Questo dunque è il trionfo di Giobbe, la mia testimonianza è nei cieli. Nota: è un indicibile conforto per un uomo buono, quando giace sotto la censura dei suoi fratelli, che c'è un Dio in cielo che conosce la sua integrità e prima o poi la chiarirà. Vedi Giovanni 5:31 ; Giovanni 5:37 . Questo testimone è invece di mille.

      III. Aveva un Dio a cui rivolgersi davanti al quale potersi sfogare, Giobbe 16:20 ; Giobbe 16:21 . Vedi qui, 1. Come si poneva il caso tra lui ei suoi amici. Non sapeva come essere libero con loro, né poteva aspettarsi un ascolto equo con loro o un comportamento leale da loro.
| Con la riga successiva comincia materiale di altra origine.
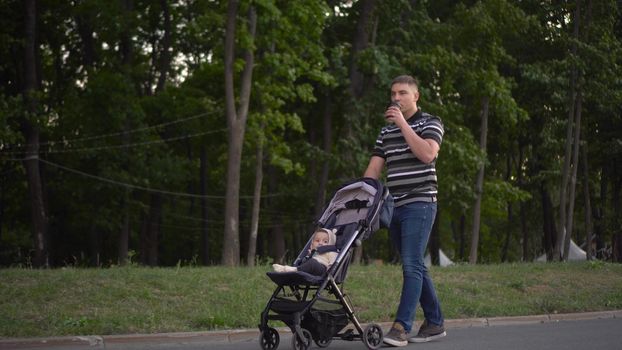 A young father carries a stroller with his son and drinks coffee in the park. A man walks with a baby in a stroller in the park. 4k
"I miei amici (così si chiamano) mi disprezzano; si propongono non solo di resistermi, ma di smascherarmi; sono di consiglio contro di me, e usano tutta la loro arte ed eloquenza" (così la parola significa) "per correre io giù." I disprezzo degli amici sono più taglienti di quelli dei nemici; ma dobbiamo aspettarli e provvedere di conseguenza. 2. Come si poneva tra lui e Dio. Non dubitava se non che, (1.) Dio ora ha preso atto dei suoi dolori: Il mio occhio versa lacrime a Dio.

Aveva detto ( Giobbe 16:16 Giobbe 16:16 ) di aver pianto molto; qui ci dice in quale canale scorrevano le sue lacrime e in che direzione erano dirette. Il suo dolore non era quello del mondo, ma si addolorò secondo una sorta di devozione, pianse davanti al Signore e gli offrì il sacrificio di un cuore spezzato.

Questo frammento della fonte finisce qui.